# TASK TO CARRY OUT
Beginning with the line that contains "Photo du film : Limites", retype the entries below exactly, ending with the line that contains "Photo by hieuanhcauam". Leave out any pictures.

# INPUT DATA
_ _ _ _ _ _ _

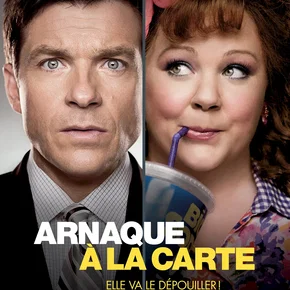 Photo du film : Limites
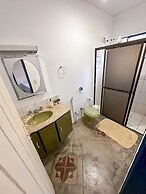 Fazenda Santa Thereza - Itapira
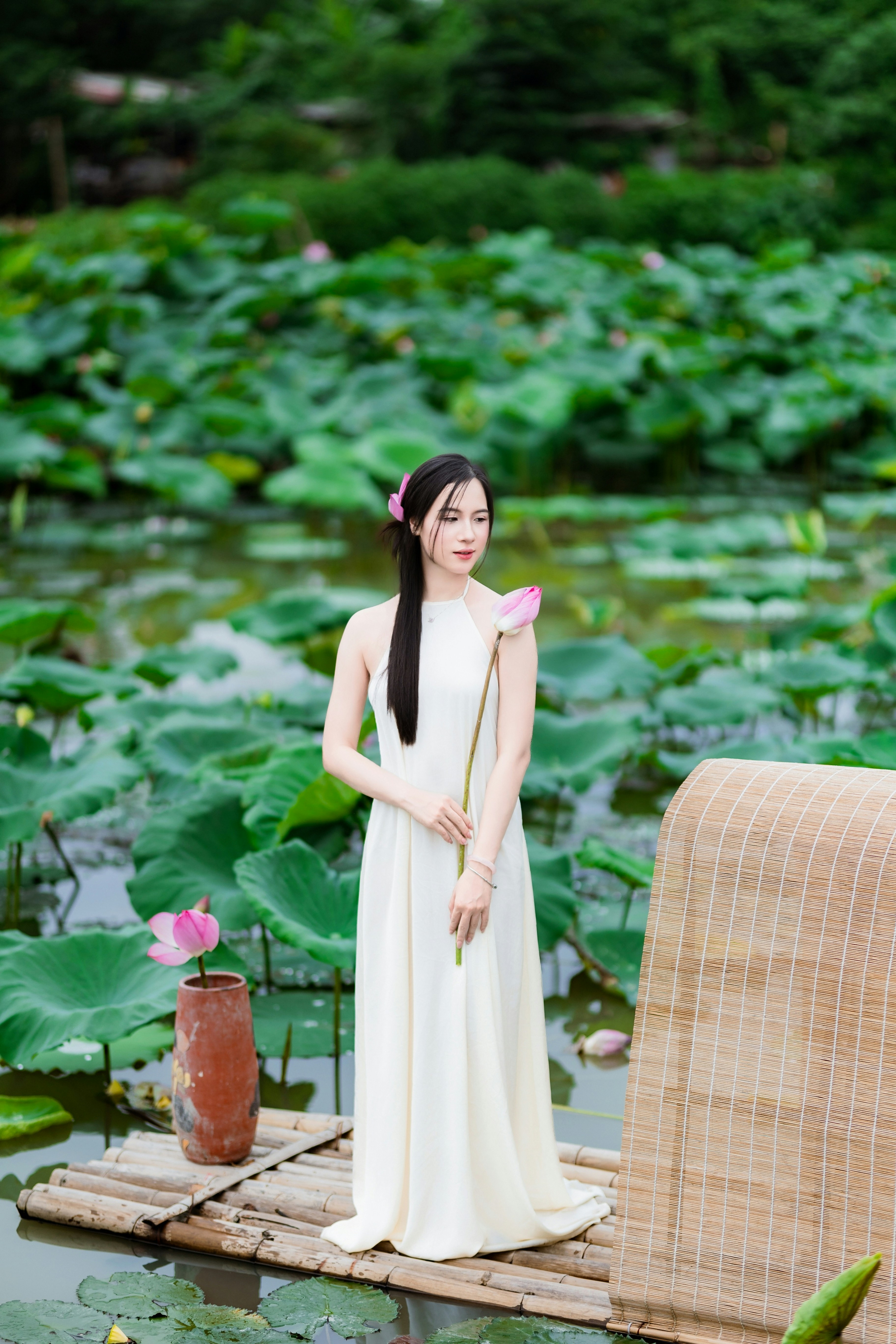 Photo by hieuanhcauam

_ _ _ _ _ _ _

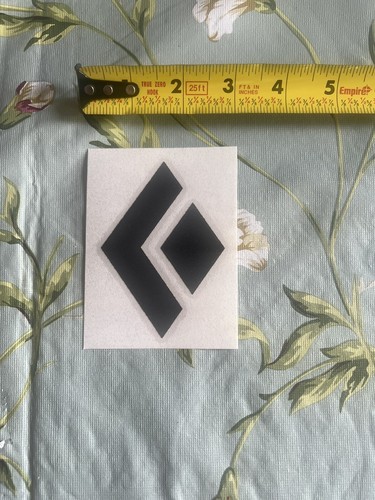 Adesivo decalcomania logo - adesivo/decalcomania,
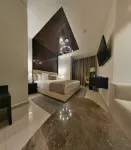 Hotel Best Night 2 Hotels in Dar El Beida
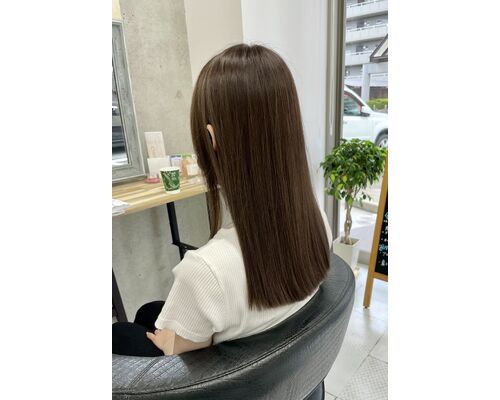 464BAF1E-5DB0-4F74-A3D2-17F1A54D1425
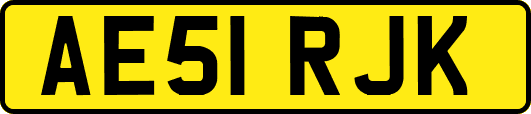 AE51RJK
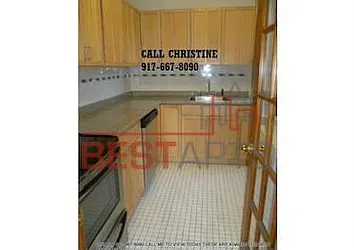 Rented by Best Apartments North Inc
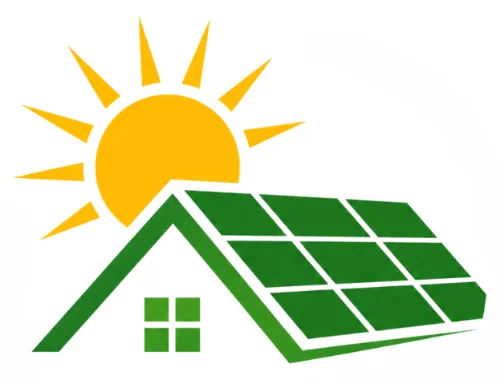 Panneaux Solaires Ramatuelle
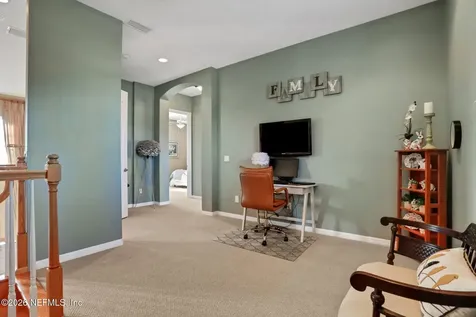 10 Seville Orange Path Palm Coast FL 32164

_ _ _ _ _ _ _

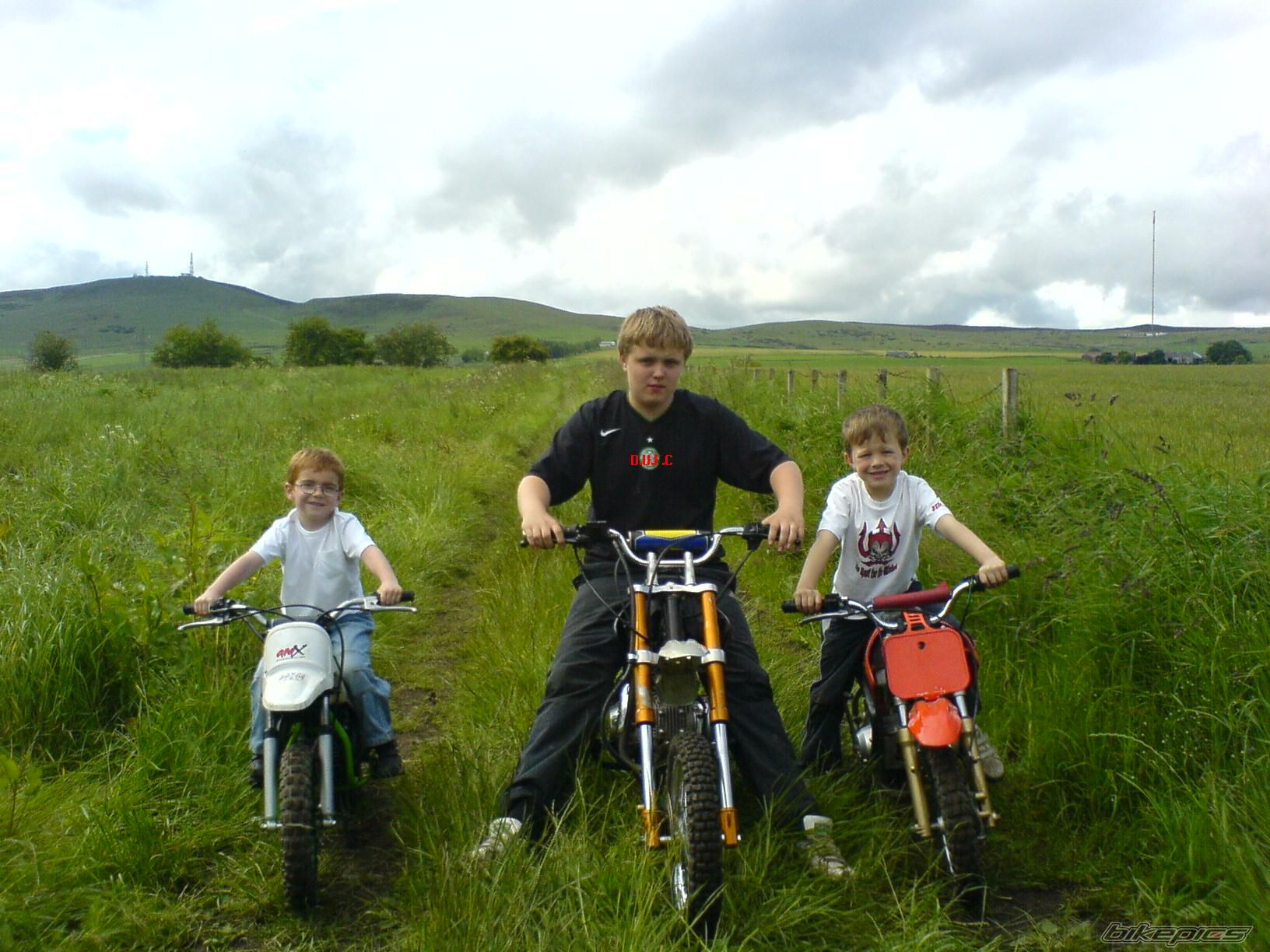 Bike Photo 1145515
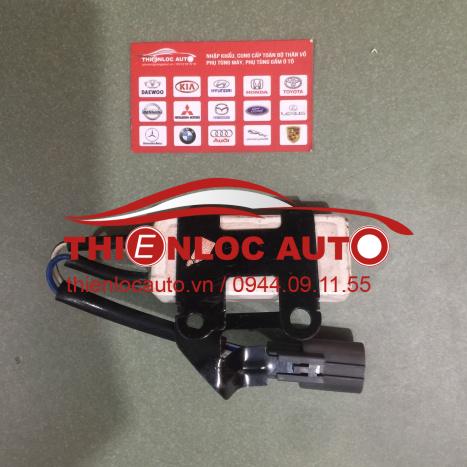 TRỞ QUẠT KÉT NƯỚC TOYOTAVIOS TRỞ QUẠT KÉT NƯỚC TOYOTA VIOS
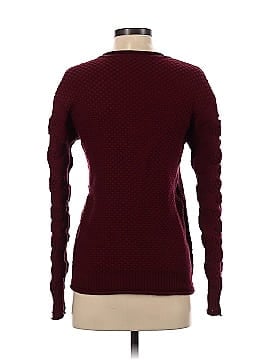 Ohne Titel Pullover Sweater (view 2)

_ _ _ _ _ _ _

# RESPONSE
 Photo du film : Limites
 Fazenda Santa Thereza - Itapira
 Photo by hieuanhcauam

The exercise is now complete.